I've been trying for the last couple days to figure out why my 1990 E250 Van (Granville camper conversion) is refusing to start after its winter break. Among the zillion things I've been doing with it, I
decided to pull the ECU. Inside I found the following.
http://www.dsmlink.com/personal/van/ecu/caps1-1.jpg
http://www.dsmlink.com/personal/van/ecu/caps1-2.jpg
http://www.dsmlink.com/personal/van/ecu/caps2-1.jpg
I own a business doing ECU modifications for a completely different platform (DSMs), so I'm intimately familiar with this problems (DSM ECU are notorious for caps leakage issues).
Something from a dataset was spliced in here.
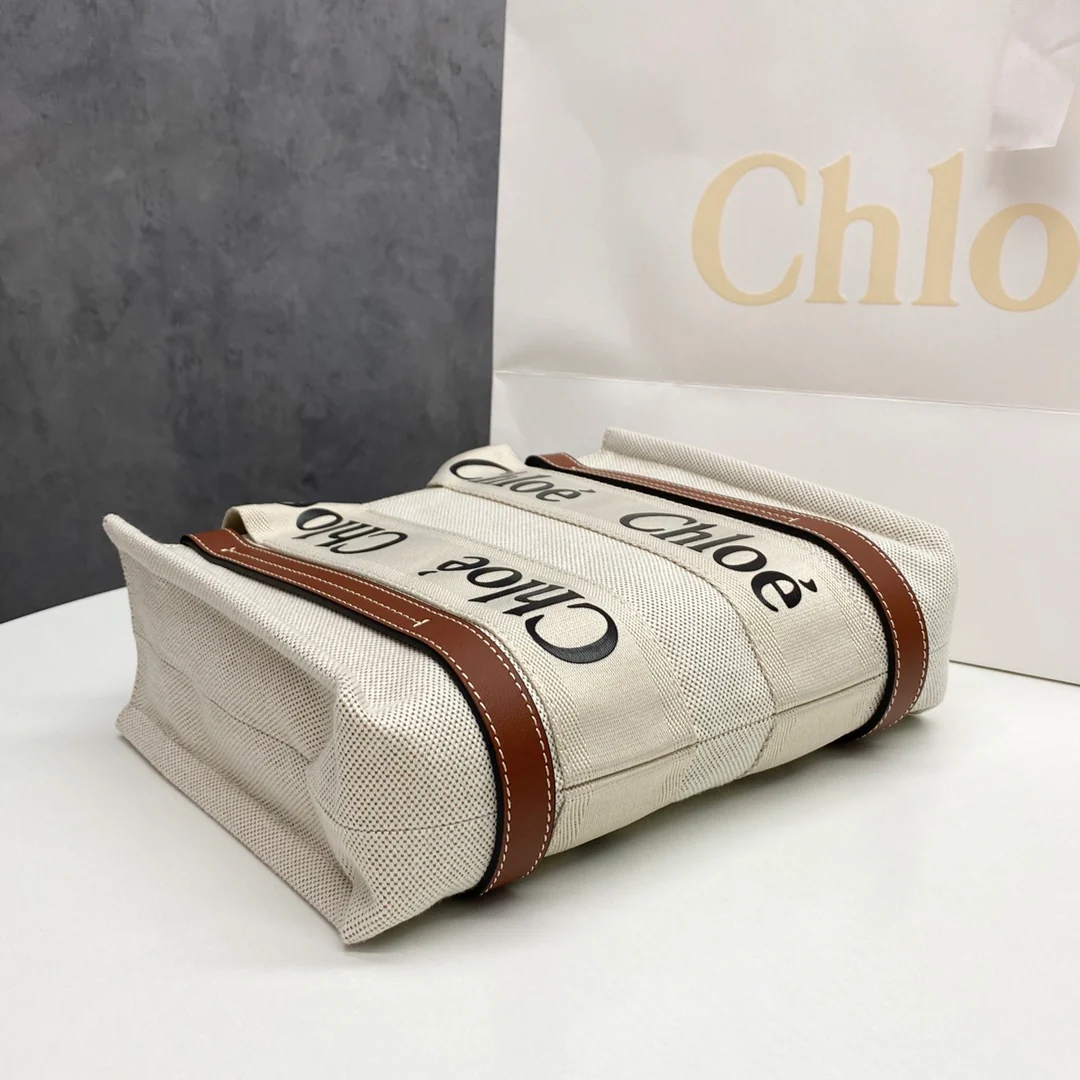 Сумка-тоут Chloe Woody - Маленькая - Коричневая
I don't know that this is definitely my no-start problem, but I do know that if left unchecked, this would most certainly lead to a dead or at the very least a malfunctioning ECU. And probably while I'm out camping somewhere at the most inconvenient time.
Anyway, I'm curious if you guys have noticed this problem before? I searched around, but didn't see any specific mention of Ford ECUs dying early deaths. It might be something you'll want to keep an eye on or even pop that case and take a look at to see if you can catch the problem before it develops into something bigger.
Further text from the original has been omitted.